Typically, the following apparatuses may be connected to the I/O interface 705: input apparatuses 706 including a touch screen, a touchpad, a keyboard, a mouse, a camera, a microphone, an accelerometer and a gyroscope, for example; output apparatuses 707 including a liquid crystal display (LCD), a speaker and a vibrator, for example; the storage apparatus 708 including a magnetic tape and a hard drive, for example; and a communication apparatus 709, for example. The communication apparatus 709 may allow the electronic device 700 to perform wireless or wired communication with other devices to exchange data. Although FIG. 7 shows the electronic device 700 having various apparatuses, it should be understood that it is not required to implement or provide all the shown apparatuses. More or less apparatuses may be alternatively implemented or provided. Each box shown in FIG. 7 may represent one apparatus or multiple apparatuses as required.
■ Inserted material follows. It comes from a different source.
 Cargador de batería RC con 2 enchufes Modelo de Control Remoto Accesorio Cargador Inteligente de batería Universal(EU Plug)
Particularly, according to some examples of the present disclosure, a process described above with reference to the flow chart may be implemented as a computer software program. For example, some examples of the present disclosure include a computer program product. The computer program product includes a computer program carried on a computer-readable medium. The computer-readable medium includes program codes configured to execute the method shown in the flow chart. In some examples, the computer program may be downloaded and mounted from a network by means of the communication apparatus 709, mounted from the storage apparatus 708, or mounted from the ROM 702. When the computer program is executed by the processing apparatus 701, the functions described above and limited in the method of some examples of the present disclosure are executed.
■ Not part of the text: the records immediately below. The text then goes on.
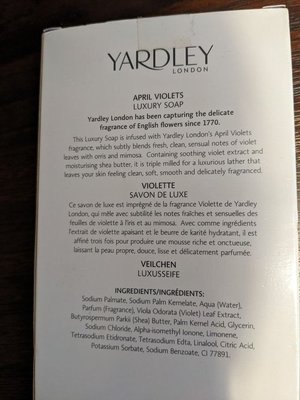 Photo of free 3x Yardley soaps - April Violets scent (Kirkstall LS5)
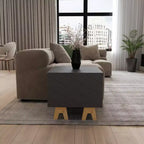 Table d'appoint Nexera Runway, grise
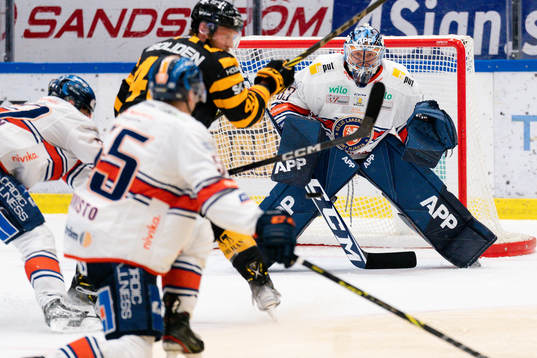 Växjös målvakt Emil Larmi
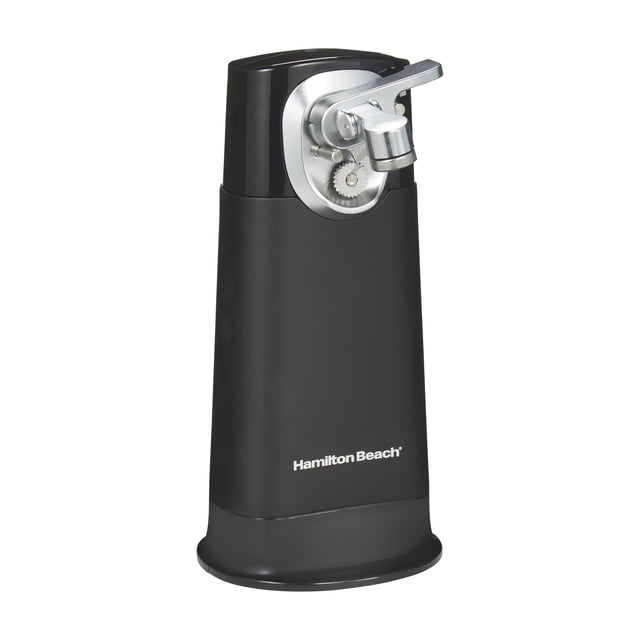 Hamilton Beach FlexCut™ Electric Can Opener, Cordless & Rechargeable, Plastic with Metal Finish, Black, Model 76611FG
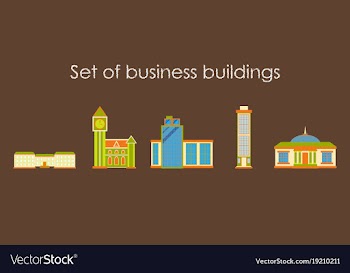 Skyscrapers buildings towers city business vector image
It should be noted that the computer-readable medium described above in some examples of the present disclosure may be a computer-readable signal medium, a computer-readable storage medium, or any combination of the computer-readable signal medium and the computer-readable storage medium. The computer-readable storage medium may be, for example, but not limited to, systems, apparatuses or devices of electricity, magnetism, light, electromagnetism, infrared or semiconductors, or any combination of the above. More specific examples of the computer-readable storage medium may include, but not limited to: an electrically connected and portable computer disk having one or more wires, a hard drive, a RAM, a ROM, an erasable programmable read-only memory (EPROM or flash memory), an optical fiber, a portable compact disk read-only memory (CD-ROM), an optical storage device, a magnetic storage device, or any suitable combination of the above. In some examples of the present disclosure, the computer-readable storage medium may be any tangible medium including or storing a program. The program may be used by or in combination with an instruction execution system, apparatus or device. In some examples of the present disclosure, the computer-readable signal medium may include a data signal propagated in a baseband or as part of a carrier. The data signal carries computer-readable program codes. The data signal propagating may take various forms, including, but not limited to, an electromagnetic signal, an optical signal, or any suitable combination of the above. The computer-readable signal medium may further be any computer-readable medium apart from the computer-readable storage medium, and the computer-readable signal medium may send, propagate, or transmit programs used by the instruction execution system, apparatus, or device or in combination with the instruction execution system, apparatus, or device. Program codes included on the computer-readable medium may be transmitted by using any suitable medium that includes, but not limited to, wire, optical cable, radio frequency (RF), etc., or any suitable combination of the above.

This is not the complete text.